Two decades in, the DMV-based (that's D.C./Maryland/Virginia) band may be one of the most visible of the grindcore scene, but it's purposefully taken risks in metal by fusing death, sludge and thrash textures with extended forays into noise and drone. The wild through-line from the 30-second blasts of Explosions in Ward 6 and Prowler in the Yard to Terrifyer's restless punk thrash to the polished chaos of Phantom Limb marks not a grindcore band, but an evolutionary timeline of extreme music. Head Cage is the result of stepping back from 2012's Book Burner, a solid if sometimes staid record, and once again expanding Pig Destroyer's rampaging palette.
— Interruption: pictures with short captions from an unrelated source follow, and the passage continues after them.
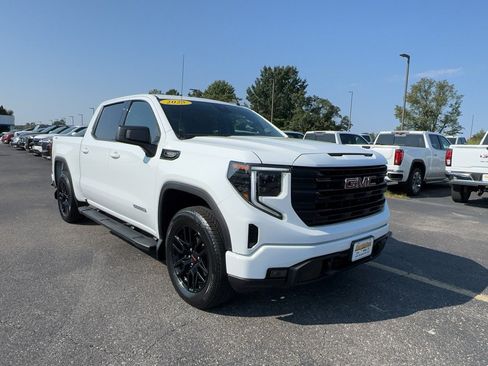 Certified 2025 GMC Sierra 1500 Elevation AWD/4WD image 2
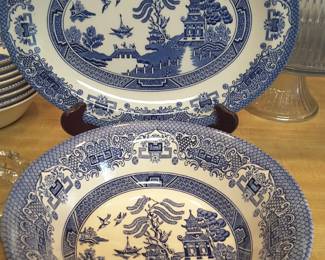 Blue Willow...Churchill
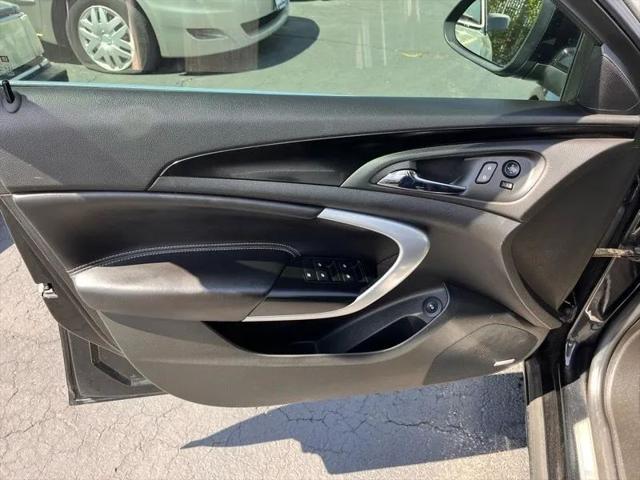 2015 Buick Regal GS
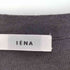 イエナ IENA ノースリーブ リネン プルオーバー レディース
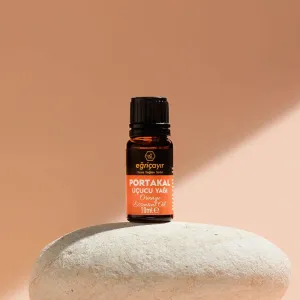 Orange Essential Oil 10 ml - Eğriçayır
Don't worry: There are still tried-and-true PxDx tracks, with meatball grinders like "Dark Train" and "Terminal Itch," featuring guest vocals by Kat Katz of Agoraphobic Nosebleed (she also appears in the sludgy "Concrete Beast"). But eyebrows begin to raise with "Army of Cops," which rides a bucking mechanical bull of a riff on a blitzed groove. Another of Hull's Agoraphobic Nosebleed bandmates, Richard Johnson, spits with Hayes about the government's militaristic control, their voices set against a swirling rhythm section and Blake Harrison's terrible screeches of noise. Now bolstered by bassist John Jarvis and Misery Index drummer Adam Jarvis (who joined the band midway through Book Burner's recording), this is where Hull — forever the band's architect — doesn't so much build blocks as stretch the ceiling. You also hear that in the filthy swank of "Circle River," which dials into Pig Destroyer's thrash tendencies with rubber elasticity, allowing the full five-piece band to expand and contract around Hull's spacious guitar work.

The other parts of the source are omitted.